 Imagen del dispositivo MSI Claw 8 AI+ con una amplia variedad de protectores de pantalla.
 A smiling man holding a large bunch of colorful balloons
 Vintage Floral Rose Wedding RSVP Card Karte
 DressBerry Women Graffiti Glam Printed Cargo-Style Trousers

▬▬▬▬▬▬▬▬▬▬

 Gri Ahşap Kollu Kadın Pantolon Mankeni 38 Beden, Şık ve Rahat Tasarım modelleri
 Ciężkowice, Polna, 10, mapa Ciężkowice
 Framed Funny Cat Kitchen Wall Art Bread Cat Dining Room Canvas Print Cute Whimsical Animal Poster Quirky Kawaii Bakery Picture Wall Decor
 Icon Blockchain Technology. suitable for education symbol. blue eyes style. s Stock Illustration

▬▬▬▬▬▬▬▬▬▬

AIM OF THE EXERCISE -
Of the entries listed above, reproduce only the lines starting at the line containing "Ciężkowice, Polna, 10, mapa Ciężkowice" and ending at the line containing "Icon Blockchain Technology.". Include both, exactly as they stand.

ANSWER -
 Ciężkowice, Polna, 10, mapa Ciężkowice
 Framed Funny Cat Kitchen Wall Art Bread Cat Dining Room Canvas Print Cute Whimsical Animal Poster Quirky Kawaii Bakery Picture Wall Decor
 Icon Blockchain Technology. suitable for education symbol. blue eyes style. s Stock Illustration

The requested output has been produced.